**Exercise input**

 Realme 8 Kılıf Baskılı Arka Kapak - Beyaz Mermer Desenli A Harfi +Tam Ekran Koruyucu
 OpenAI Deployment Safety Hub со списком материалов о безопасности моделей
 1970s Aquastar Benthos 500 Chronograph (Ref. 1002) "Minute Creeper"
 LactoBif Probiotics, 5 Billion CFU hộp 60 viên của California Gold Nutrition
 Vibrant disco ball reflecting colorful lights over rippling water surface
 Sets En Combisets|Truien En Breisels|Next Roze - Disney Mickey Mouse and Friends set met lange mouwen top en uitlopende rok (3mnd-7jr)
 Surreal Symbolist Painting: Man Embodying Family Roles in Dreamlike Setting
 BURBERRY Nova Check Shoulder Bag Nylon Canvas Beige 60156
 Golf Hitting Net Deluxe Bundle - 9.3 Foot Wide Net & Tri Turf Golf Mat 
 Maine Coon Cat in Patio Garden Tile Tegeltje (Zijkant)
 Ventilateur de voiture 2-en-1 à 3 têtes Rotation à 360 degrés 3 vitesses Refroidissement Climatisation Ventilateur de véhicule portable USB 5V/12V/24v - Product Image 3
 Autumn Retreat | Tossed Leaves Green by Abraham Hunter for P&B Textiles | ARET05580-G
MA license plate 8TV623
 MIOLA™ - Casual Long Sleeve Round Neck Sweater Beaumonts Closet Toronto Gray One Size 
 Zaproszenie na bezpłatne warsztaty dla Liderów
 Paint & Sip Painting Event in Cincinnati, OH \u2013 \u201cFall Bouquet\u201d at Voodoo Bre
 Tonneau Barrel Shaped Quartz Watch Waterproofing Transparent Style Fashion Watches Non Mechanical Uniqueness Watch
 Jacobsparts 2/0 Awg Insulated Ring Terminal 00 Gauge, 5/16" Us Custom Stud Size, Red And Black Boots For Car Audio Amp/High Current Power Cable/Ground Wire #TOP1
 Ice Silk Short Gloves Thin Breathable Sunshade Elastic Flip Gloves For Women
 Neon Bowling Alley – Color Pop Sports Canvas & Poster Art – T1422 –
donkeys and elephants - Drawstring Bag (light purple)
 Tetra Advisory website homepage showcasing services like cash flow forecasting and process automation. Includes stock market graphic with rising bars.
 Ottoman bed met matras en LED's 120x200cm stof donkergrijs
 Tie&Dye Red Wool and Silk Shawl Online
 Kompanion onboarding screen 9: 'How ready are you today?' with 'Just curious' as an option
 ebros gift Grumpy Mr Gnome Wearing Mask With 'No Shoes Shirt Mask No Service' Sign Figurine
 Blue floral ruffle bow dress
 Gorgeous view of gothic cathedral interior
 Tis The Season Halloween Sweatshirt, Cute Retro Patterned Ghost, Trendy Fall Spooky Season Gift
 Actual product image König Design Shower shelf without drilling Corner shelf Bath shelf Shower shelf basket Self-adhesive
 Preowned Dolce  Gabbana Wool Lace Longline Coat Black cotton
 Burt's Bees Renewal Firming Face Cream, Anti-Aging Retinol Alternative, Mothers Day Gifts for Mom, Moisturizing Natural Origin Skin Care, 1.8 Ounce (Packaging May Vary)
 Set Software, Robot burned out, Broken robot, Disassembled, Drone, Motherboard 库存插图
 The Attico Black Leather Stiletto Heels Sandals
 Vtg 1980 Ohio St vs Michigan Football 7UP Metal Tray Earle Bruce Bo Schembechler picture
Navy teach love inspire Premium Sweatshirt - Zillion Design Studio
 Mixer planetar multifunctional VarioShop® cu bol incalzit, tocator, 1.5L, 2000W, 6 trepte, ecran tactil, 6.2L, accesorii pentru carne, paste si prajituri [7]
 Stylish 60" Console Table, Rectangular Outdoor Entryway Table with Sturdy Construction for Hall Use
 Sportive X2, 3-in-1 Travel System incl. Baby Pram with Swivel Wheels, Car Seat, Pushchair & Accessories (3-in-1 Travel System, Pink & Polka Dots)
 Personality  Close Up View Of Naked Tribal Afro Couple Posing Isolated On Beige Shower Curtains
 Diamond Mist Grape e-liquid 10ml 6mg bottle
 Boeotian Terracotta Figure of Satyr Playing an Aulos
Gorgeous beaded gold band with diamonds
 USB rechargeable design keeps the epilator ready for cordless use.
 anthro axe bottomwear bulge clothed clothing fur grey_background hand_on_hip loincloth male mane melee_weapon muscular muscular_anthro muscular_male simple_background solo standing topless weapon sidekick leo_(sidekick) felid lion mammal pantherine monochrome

**Directions for this task**
Throughout the material above, find each line with "Sweatshirt" and return it.

**Your response**
 Tis The Season Halloween Sweatshirt, Cute Retro Patterned Ghost, Trendy Fall Spooky Season Gift
Navy teach love inspire Premium Sweatshirt - Zillion Design Studio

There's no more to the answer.